In this study, we applied Duplex Sequencing (DS), an extremely sensitive NGS technology with an error rate below one-in-ten-million, to characterize widely used commercial myeloid DNA standards. Duplex sequencing is an error correction method that independently sequences and compares the two strands of original DNA molecules to enable error correction. The cross-strand comparison eliminates errors caused by DNA damage, early cycle PCR errors and various technical errors that escape standard NGS and other error-corrected NGS methods.

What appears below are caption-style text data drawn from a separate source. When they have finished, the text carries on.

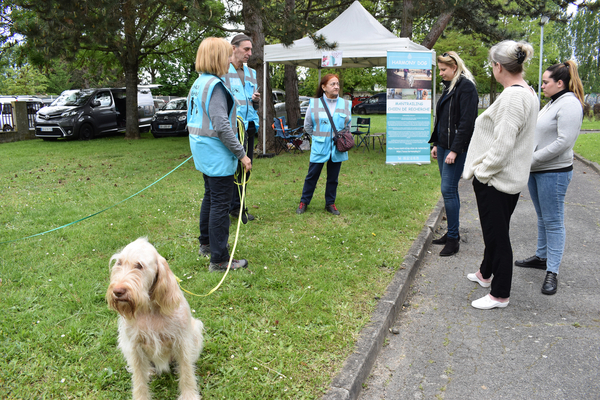 Salon de l'animal en ville 2019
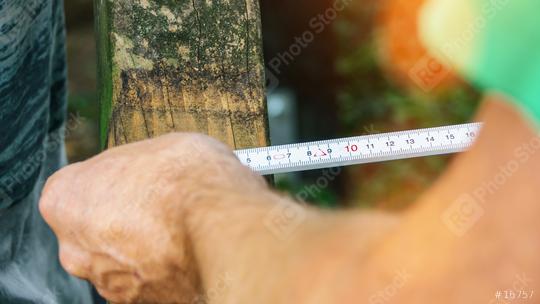 versatile craftsman working with wood to build a house on a summer day, DIY concept  : Stock Photo or Stock Video Download rcfotostock photos, images and assets rcfotostock | RC Photo Stock.:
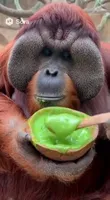 Orangutan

We performed DS on two commercial myeloid leukemia DNA standards and an in-house control DNA. Commercial standard A (CS-A) is constructed of a mix of DNA from multiple mutation-containing cell lines. Commercial standard B (CS-B) is constructed of synthetic mutant DNA molecules mixed into DNA from a single well-characterized cell line. The control DNA was obtained from the donated apheresis product of a healthy 25-year old never-smoker. We used a hybrid capture panel covering 15 variants with a 5%-40% expected variant allele frequency (VAF) in CS-A, and 12 variants with a 5%-15% expected VAF in CS-B. CS-A, CS-B and control DNA were sequenced to maximum Duplex depths of 12,256x, 15,844x and 38,535x, respectively. In the two commercial DNA standards, all targeted variants were detected by DS. The majority of variants were within +/- 1.5-fold from the expected VAF. For CS-A, the correlation of DS vs. vendor target VAF was strong (r² = 0.96). For CS-B, the correlation between DS and vendor target VAF was very weak (r² = 0.07), although was better correlated to vendor-reported ddPCR and conventional NGS (r² = 0.49 and 0.61).

We also performed DS on a specially designed in-house standard, comprised of apheresis-derived control DNA with a series of mutant cell lines spiked at low frequencies from 1/100 to 1/100,000, that we sequenced to more than 1 million-fold Duplex depth. 9/9 mutations were detected down to a target VAF of 10^-5 with r² = 0.96 for DS vs. target values. We performed DS on a second in-house mutation dilution series which included the CS-A standard and other samples diluted into apheresis control DNA, and detected 9/9 mutations down to a target VAF of 4x10^-5 with r² = 0.93.

The overall mutation frequencies (number of unexpected mutations / total number of base-pairs sequenced) of CS-A, CS-B and the control were 1.6x10^-6, 2.1x10^-6 and 4.7x10^-7, respectively. The in-house mutation mixes were both 5.4x10^-7. CS-A carried 96 low-frequency clonal variants (≥2 counts, <1% VAF) and CS-B had 102 low-frequency clonal variants. The apheresis control, despite being sequenced to nearly 3 times greater Duplex depth, had only 6 low-frequency clonal variants. The variants in the control sample are in genes associated with Clonal Hematopoiesis of Indeterminate Potential (CHIP) and reflect true biological background rather than technical noise.

As genomic technologies increase in accuracy, so too does the need for ultra-pure DNA standards. As shown in this study the use of cell line DNA as the primary substrate for mutation standards, whether spiking in synthetic mutant molecules or simply mixing DNA from multiple cell lines, is not sufficient for highly sensitive assays due to accumulation of mutations in culture. Improved standards are necessary for high-precision technologies, especially for detection of residual disease or early cancer screening.